Rick Boyages

Personal information
- Born: March 15, 1962 (age 63) Wakefield, Massachusetts, U.S.

Career information
- High school: Wakefield Memorial (Wakefield, Massachusetts); Northfield Mount Hermon (Northfield, Massachusetts);
- College: Bowdoin (1981–1985)
- NBA draft: 1985: undrafted

Career history

As a coach:
- 1985–1987: Babson (assistant)
- 1987–1991: Bates
- 1991–1997: Boston College (assistant)
- 1997–2000: Ohio State (associate HC)
- 2000–2003: William & Mary
- 2003–2004: Ohio State (associate HC)

= Rick Boyages =

American basketball coach (born 1962)

Richard James Boyages (born March 15, 1962) spent 12 years as Vice President for Men's Basketball for the Big Ten Conference. Working with Big Ten Commissioner James E. Delany, Boyages served as the primary administrator and conference office liaison for 31 different head coaches, multiple national television networks (CBS, ESPN, FOX, BTN), USA Basketball, and the NCAA during his tenure with the Big Ten. He also was involved with the Big Ten Conference Men’s Basketball Tournament and Executive Director of the Collegiate Officiating Consortium, LLC, an organization with oversight of NCAA Division I officiating for 65 institutions in 22 states including the Big Ten, Mid-American Conference, Summit League, Horizon League, Metro Atlantic Athletic Conference and America East Conference.

Prior to this, Boyages was Associate Commissioner for the Mid-American Conference (MAC), which he joined in 2005 after stints as Special Assistant to the Athletic Director at Ohio State University in its 2004–05 academic year, and as Head Men’s Basketball Coach for the William & Mary Tribe men's basketball team from 2000 to 2003. He compiled a 33–52 overall record (21–31 in the CAA) during his three seasons as William & Mary's coach.

Boyages started his coaching career at Bates College in Lewiston, Maine, where he coached for four seasons. In 1987, he became Bates' Head Men’s Basketball Coach at age 25, becoming the nation's youngest collegiate head coach. His NCAA Division I coaching career began with Boston College in 1991, following his years at Bates. He also spent two separate stints as the Associate Head Coach for the Ohio State Men’s Basketball (1998–2000 and 2003–2004). Boyages coached in five NCAA Tournaments including an Elite Eight appearance with Boston College in 1994, and a Final Four with Ohio State University in 1999.

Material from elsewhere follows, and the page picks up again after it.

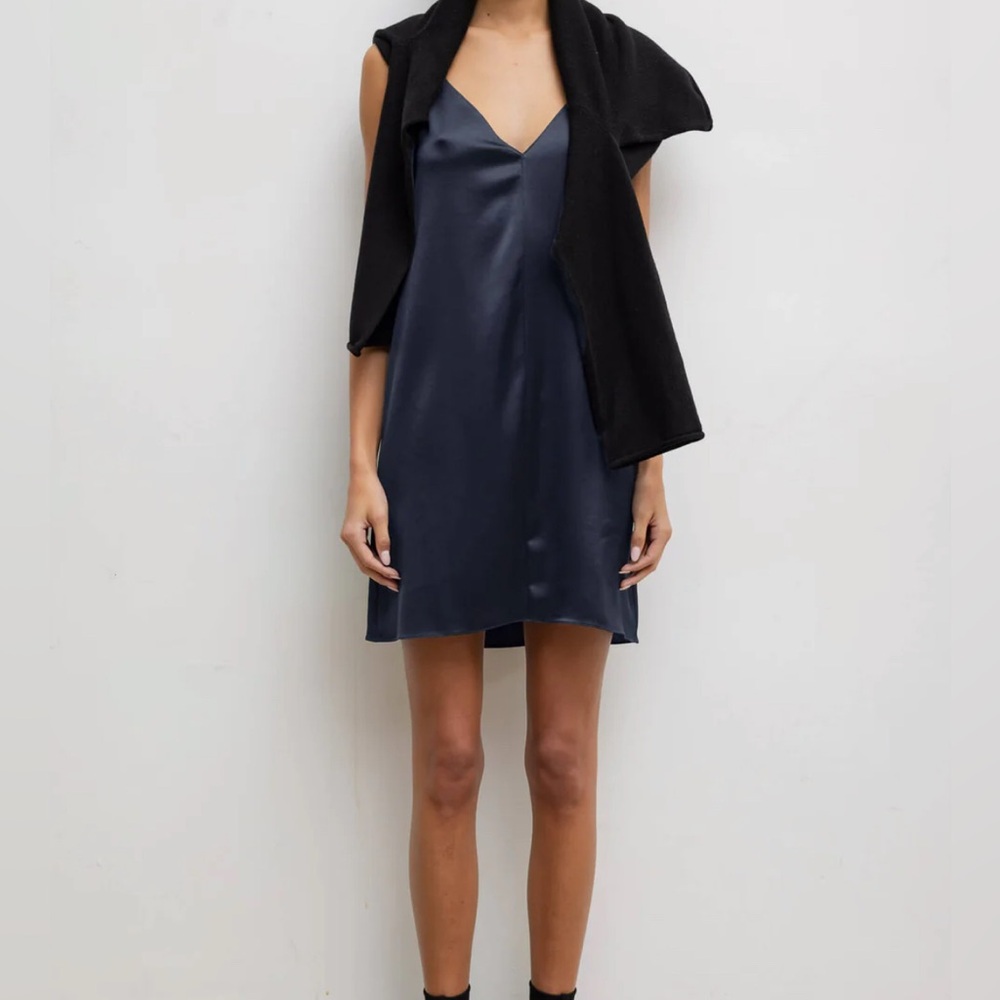 LESET Barb V mini dress in midnight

A native of Wakefield, Massachusetts, Boyages is a 1985 graduate of Bowdoin College in Brunswick, Maine, where he was a studio art major and a basketball team captain. At his graduation, he received the college's Andrew Allison Haldane Cup for outstanding leadership and character. He earned a master's degree in education from Boston University. Boyages has also coached with international Basketball Federations in Czechia, Greece and Burundi. He was inducted into the New England Basketball Hall of Fame in Glastonbury, Connecticut, in 2009.